The City & The City Review

The City and The City
Average Reviews:

(More customer reviews)
Are you looking to buy The City & The City? Here is the right place to find the great deals. we can offer discounts of up to 90% on The City & The City. Check out the link below:

>> Click Here to See Compare Prices and Get the Best Offers

The City & The City ReviewI have awarded five stars to lesser books in the past, but now the bar has been raised; I know what a five-star novel is really like after reading _The City & The City_.
It's a detective novel written in the first-person; the narrator is Inspector Tyador Borlu of the Beszel Extreme Crime Squad. The writing style is relatively spare, reminescent of Dashiell Hammett. The narrator constrains himself strictly to observable phenomena and tells us nothing of characters' inner thoughts or emotional states, which makes the action seem very immediate and the narration very stark. Police procedures are presented believably but without too much detail. The case itself is not terribly elaborate. It starts with a murder, but about two-thirds of the way through I felt that the murder was no longer the focus. Inspector Borlu's investigation leads to fringe political groups, an archaeological site, a foreign country, and to somewhere else entirely. The setting of the novel is what makes the story work. There wouldn't be a story if it wasn't set in Beszel and Ul Qoma. It's a totally original concept, like nothing I have ever read before.
Beszel is a gloomy, decaying city which seems to be located somewhere in Eastern Europe. Ul Qoma is a bright, bustling city that seems either Arabic or Turkish. The relationship between the two cities is the central theme of the book. I can't tell you much about it without spoiling the beautiful unfolding of the novel. Of course Inspector Borlu takes everything for granted because he lives there; it's all familiar to him .. so instead of explaining things as one would to a foreign visitor, he lets details emerge through descriptions of sights and events, and the reader slowly pieces together details of the setting.
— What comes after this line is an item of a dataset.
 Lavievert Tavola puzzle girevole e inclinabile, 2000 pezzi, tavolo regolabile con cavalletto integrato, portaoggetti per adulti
One's understanding of the situation gets deeper as the novel progresses, and even though it is completely absurd, I found myself easily suspending my disbelief and becoming totally absorbed in the story. This impossible setting is PERFECTLY executed so as to seem plausible. Beszel and Ul Qoma deserve to be included in the Atlas of Fictional Places, they are so well constructed. Even the languages (as reflected in names of people and places and a few idiomatic sayings) consistently support the mood and "flavor" of the two cities.
The two cities may be a clever metaphor for the Situation of Man, but the book's highbrow literary qualities will not get in the way of its pure entertainment value. The best fiction I have read so far this year.The City & The City Overview

Want to learn more information about The City & The City?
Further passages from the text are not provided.